So which platform are you worried about that doesn't have TSO and
doesn't implicit membars for CAS? I'm asking because the only reason
those changes should help your problem is if they massively penalize the
operation.
Joerg
From: yamt@netbsd.org (YAMAMOTO Takashi)
To: gnats-bugs@NetBSD.org
Cc: lib-bug-people@netbsd.org, gnats-admin@netbsd.org, netbsd-bugs@netbsd.org,
yamt@NetBSD.org
Subject: Re: lib/49816: rtld internal lock vs fork
Date: Mon, 6 Apr 2015 16:23:38 +0000 (UTC)
> > when a thread does fork(2), some other thread might hold _rtld_mutex.
> > in that case, the child process will likely deadlock soon because
> > of non-zero _rtld_mutex. i've observed the problem with open vswitch.
>
> Non-zero _rtld_mutex by itself should not be problem. The problem exists
> if another thread requires the exclusive lock. I do plan to rewrite rtld
> at some point to never require an exclusive lock for symbol look up, but
> that's far from trivial. In the old world before locking, you would just
> hit race conditions or not.
i agree on all points.
and, at least in my case, "another thread requires the exclusive lock"
actually happens.
YAMAMOTO Takashi
From: yamt@netbsd.org (YAMAMOTO Takashi)
To: gnats-bugs@NetBSD.org
Cc: lib-bug-people@netbsd.org, gnats-admin@netbsd.org, netbsd-bugs@netbsd.org,
yamt@NetBSD.org
Subject: Re: PR/49816 CVS commit: src/libexec/ld.elf_so
Date: Mon, 6 Apr 2015 16:41:01 +0000 (UTC)

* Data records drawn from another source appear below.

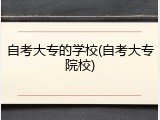 自考大专的学校(自考大专院校)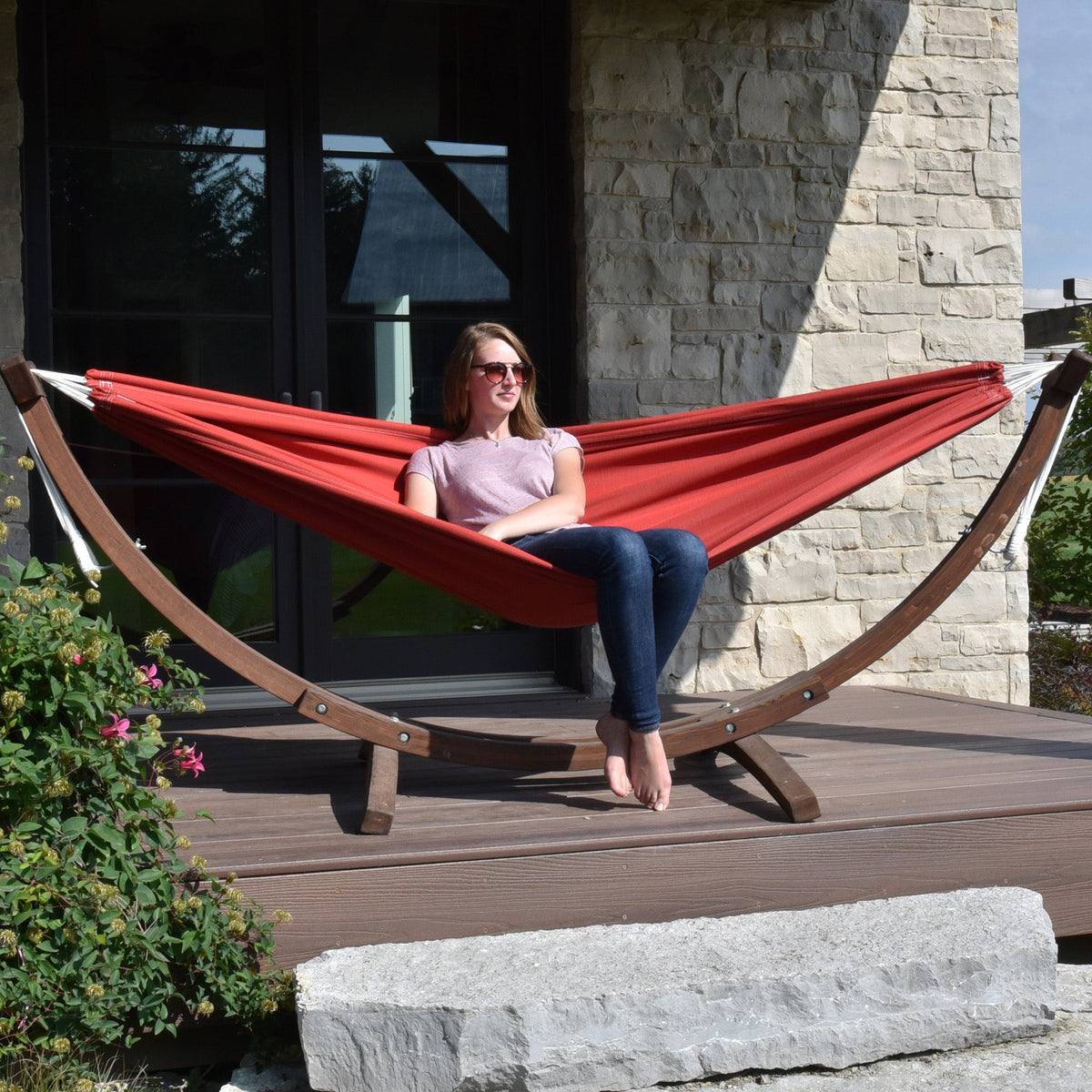 Vivere Double Sunbrella Hammock with Solid Pine Stand (260cm) - Crimson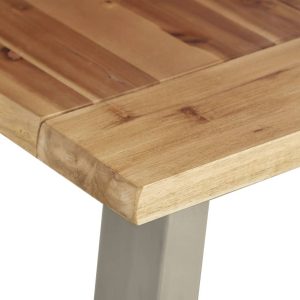 Dining Table 140X80X75 Cm Solid Acacia Wood And Stainless Steel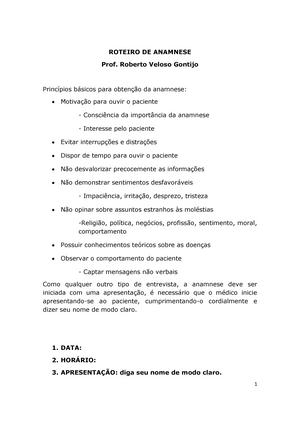 Roteiro de Anamnese, PDF, Especialidades médicas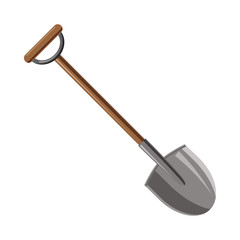 Shovel icon in cartoon style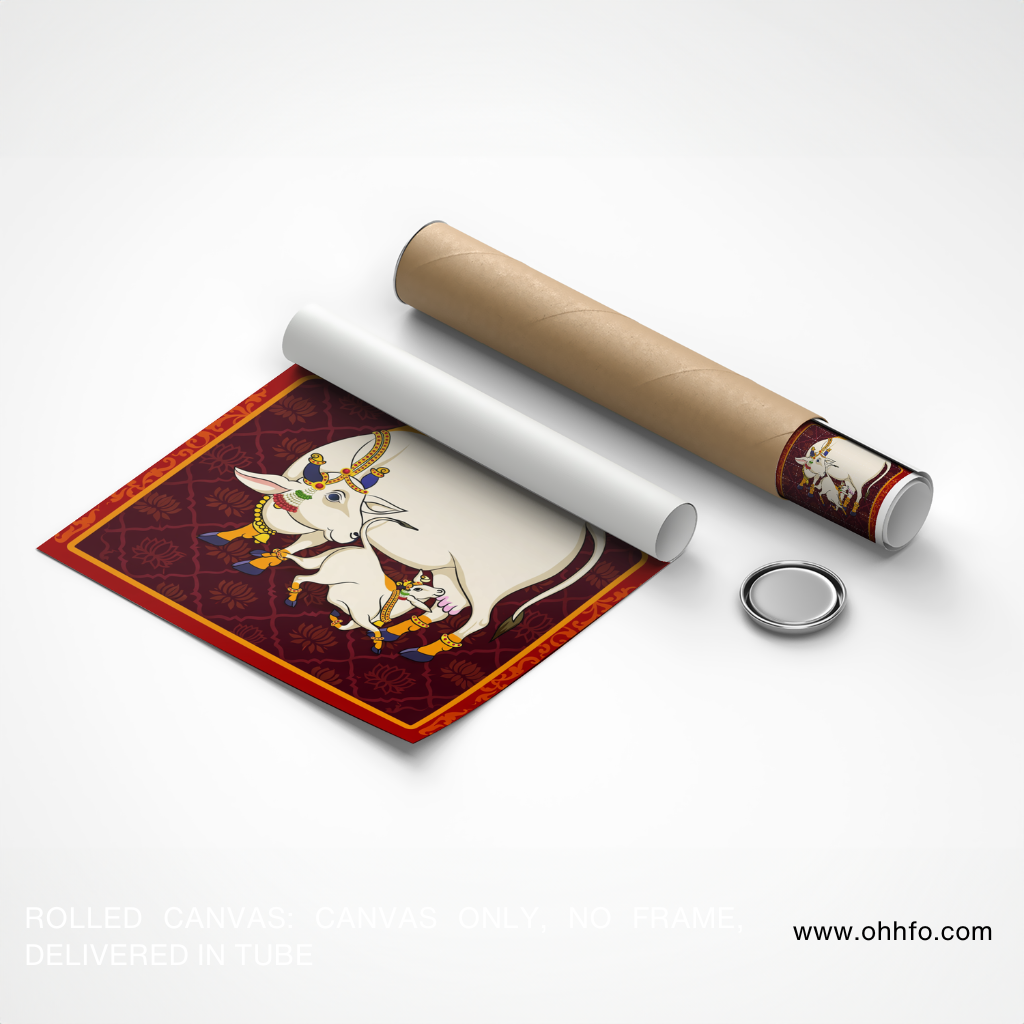 Sacred Cow and Calf Canvas Wall Art – Traditional Hindu Religious Decor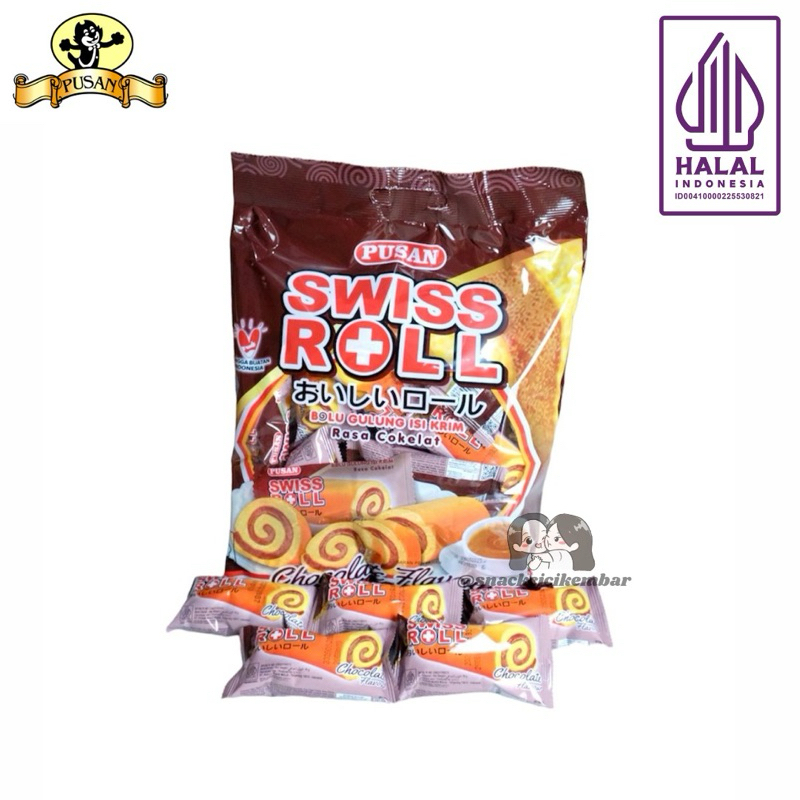

PUSAN SWISS ROLL BOLU GULUNG ISI KRIM RASA COKELAT / STROBERI / KELAPA PANDAN 320gr ISI 20pcs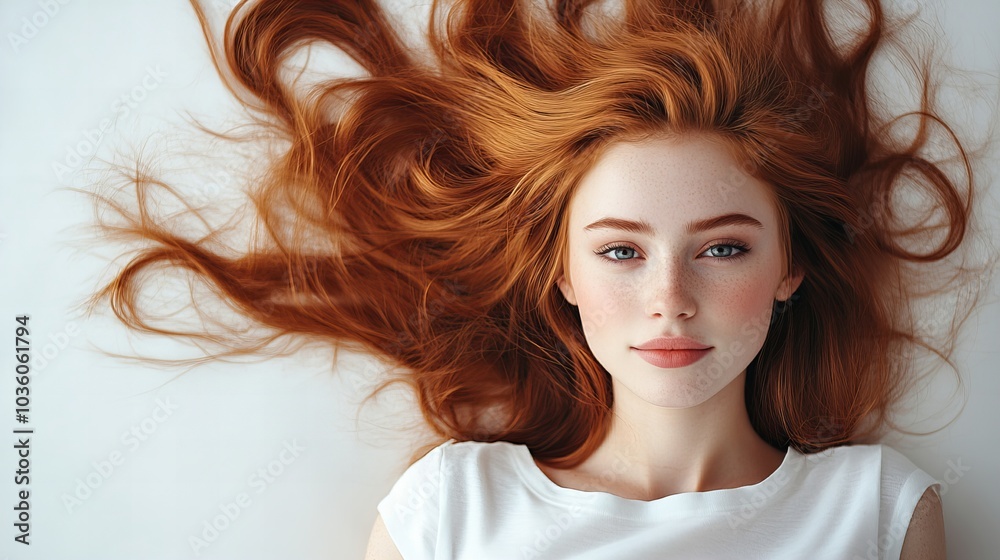 Fototapeta premium portrait of a woman with long red hair isolated on white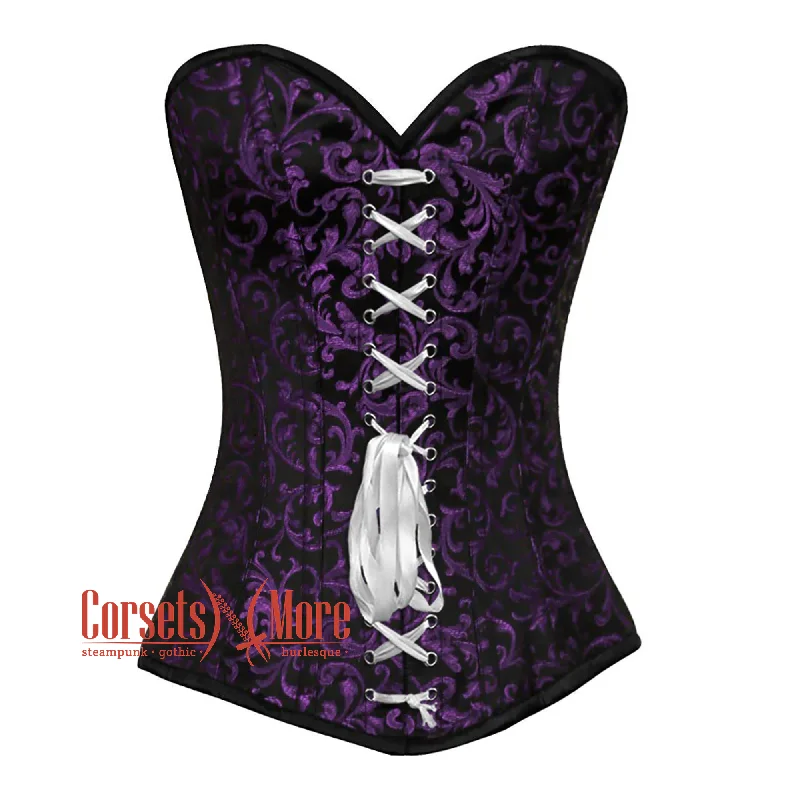 Corset dress in rich emerald-Plus Size Purple And Black Brocade Front Lace Gothic Corset Overbust Top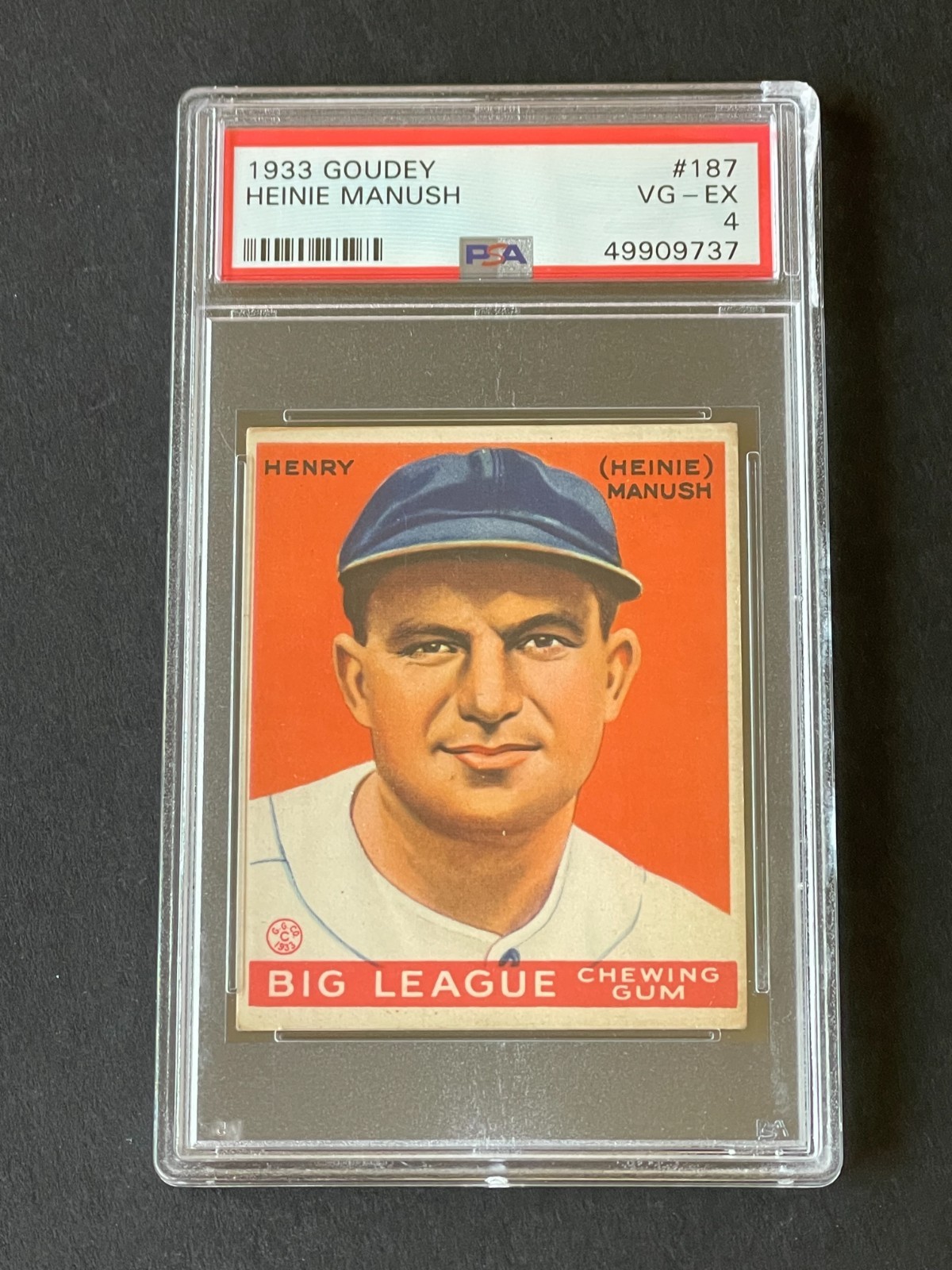 1933 Goudey Heinie Manush PSA 4 VG-EX #187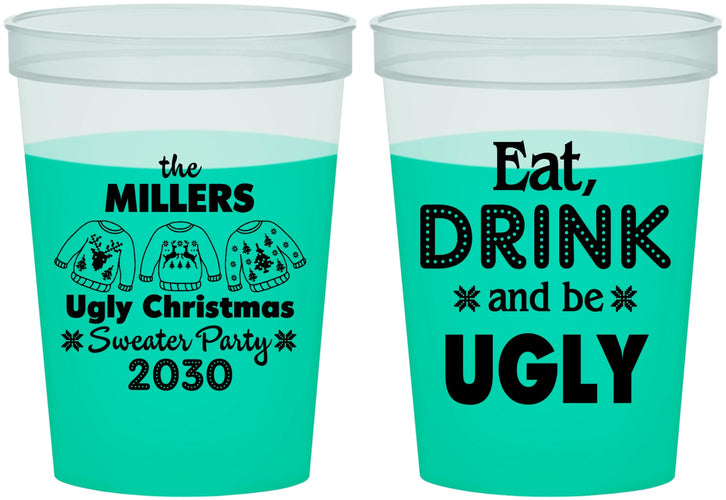 Custom Christmas 16 oz Color Changing Cups - Ugly Sweater | 280023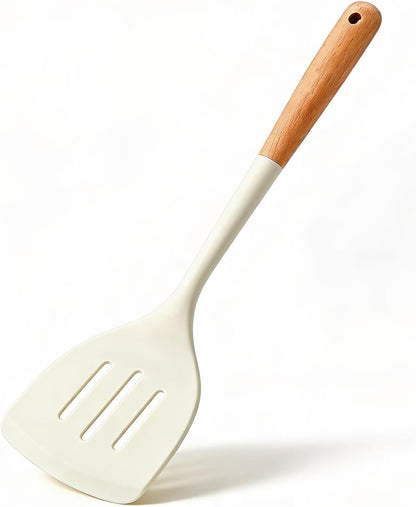 Silicone Slotted Spatula Turner Nonstick Kitchen Turner with Wooden Handle Flexible Fish Spatula for Eggs Pancakes Fish Frying Flipping and Daily Cooking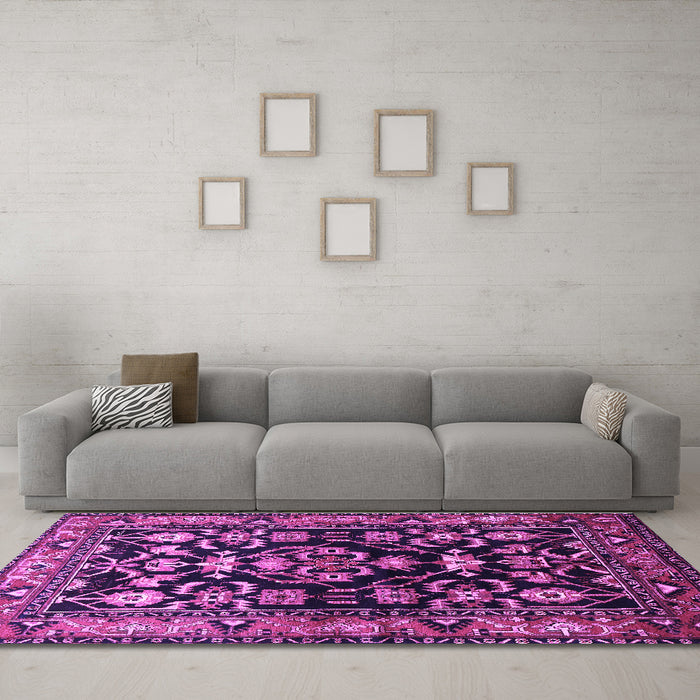 Machine Washable Persian Purple Traditional Area Rugs in a Living Room, wshtr601pur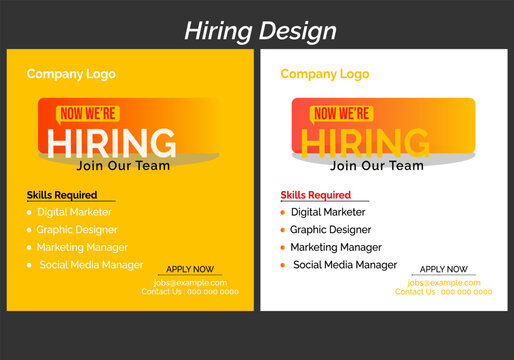 We are hiring recruitment open job vacancy design vector social media post banner template or web banner layout .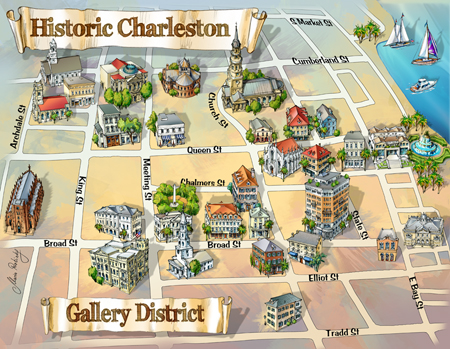 Charleston Gallery District Map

> The following reply was made to PR lib/49816; it has been noted by GNATS.
>
> From: Joerg Sonnenberger <joerg@britannica.bec.de>
> To: gnats-bugs@NetBSD.org
> Cc: lib-bug-people@netbsd.org, gnats-admin@netbsd.org,
> netbsd-bugs@netbsd.org, yamt@NetBSD.org
> Subject: Re: PR/49816 CVS commit: src/libexec/ld.elf_so
> Date: Mon, 6 Apr 2015 18:22:21 +0200
>
> On Mon, Apr 06, 2015 at 04:10:02PM +0000, YAMAMOTO Takashi wrote:
> > except that:
> > * _rtld_exclusive_exit doesn't use CAS
> > * this code is MI
> >
> > i agree that something like PTHREAD__ATOMIC_IS_MEMBAR
> > would be a nice optimization, though.
>
> So which platform are you worried about that doesn't have TSO and
> doesn't implicit membars for CAS? I'm asking because the only reason
> those changes should help your problem is if they massively penalize the
> operation.
well, can you explain why _rtld_exclusive_exit is safe
without cas or barrier?
YAMAMOTO Takashi
>
> Joerg
From: Joerg Sonnenberger <joerg@britannica.bec.de>
To: gnats-bugs@NetBSD.org
Cc:
Subject: Re: PR/49816 CVS commit: src/libexec/ld.elf_so
Date: Mon, 6 Apr 2015 20:16:22 +0200
On Mon, Apr 06, 2015 at 04:45:01PM +0000, YAMAMOTO Takashi wrote:
> The following reply was made to PR lib/49816; it has been noted by GNATS.
>
> From: yamt@netbsd.org (YAMAMOTO Takashi)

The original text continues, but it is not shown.